Receiving Hope blog article

We live in turbulent times. Internationally, there is tension between the United States and Russia over the recent bombing in Syria and talk of war in the Korean peninsula. Domestically, we’ve now added a snap general election to Brexit and a possible second independence referendum. Much closer to home I’ve had conversations with folk this week who are dealing with life-threatening illness, relationship breakdown, and job insecurity. Despite all our planning, our sophistication and our ingenuity, life has a habit of turning out differently than we had hoped.

Following the crucifixion and death of Jesus, two of his followers were travelling to Emmaus, struggling to deal with the way life had turned out. Their despair and disillusionment at what has happened is clearly stated in their words, “But we had hoped…” (Luke 24:21, NIV) It’s a reminder that, as followers of Jesus, we will encounter times of disappointment.

But in this incredible story, the risen Lord Jesus comes alongside these two followers in their doubt, confusion, and disappointment, and gives them a double revelation. The first comes on the journey, as Jesus walks alongside them, still unrecognised. Jesus rebukes them for their lack of faith and, “beginning with Moses and all the Prophets, explained to them what was said in the scriptures concerning himself” (Luke 24:27) They later talk of the effect this had on them: “Were not our hearts burning within us while he talked with us on the road and opening the scriptures to us?” (Luke 24:32).

The second revelation comes at the journey end, when, having invited Jesus to stay with them, he takes the bread, gives thanks, breaks it and begins to give it to them. It is as Jesus does this that Luke tells us their eyes were opened and they recognised the risen Lord Jesus (Luke 24:30-31).

I am struck that both revelations are gifts from Jesus to these two followers. There is nothing for them to do except to receive: to listen as Jesus speaks, to take the bread as Jesus gives it to them.

Two thousand years later, as we and those around us pass through times of doubt, confusion and disappointment these two routes to receiving hope remain open for us: the gift of Scripture and the gift of communion. When God’s Word is opened, God speaks. This astonishing gift through which God draws near to us and speaks words of life over our lives is a transforming one: God’s Word brings life and hope. And that Word always comes to us through the risen Lord Jesus Christ, our saviour who has overcome death itself!

The gift of communion is another incredible moment of encounter with God.

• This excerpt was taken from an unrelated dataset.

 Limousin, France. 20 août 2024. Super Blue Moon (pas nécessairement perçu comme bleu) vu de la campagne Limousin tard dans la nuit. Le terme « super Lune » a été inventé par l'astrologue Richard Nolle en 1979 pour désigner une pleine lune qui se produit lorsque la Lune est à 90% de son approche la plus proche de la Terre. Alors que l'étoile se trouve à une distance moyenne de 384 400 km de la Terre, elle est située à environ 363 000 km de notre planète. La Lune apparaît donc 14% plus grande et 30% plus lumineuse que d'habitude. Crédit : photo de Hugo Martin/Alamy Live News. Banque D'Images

We always undertake it with an eye on the past, “Do this in remembrance of me” (Luke 22:19), reminding ourselves again of the great salvation that God has accomplished in and through Jesus. But we also undertake communion with our eyes on the future, “until he comes” (1 Corinthians 11:26). And when Jesus comes, he will usher in the new heavens and earth, where God himself will wipe every tear from our eyes; no more death or mourning or crying or pain. (Rev 21:4) The resurrection of Jesus Christ is the first fruits of that great new creation.

In our activist culture, in which we are encouraged to go out and secure for ourselves what we need and want, the Gospel is distinctly counter-cultural. God has done everything necessary for us: what we need to do is receive. Hope comes not by our effort, but as a gift from God through the resurrection of Jesus.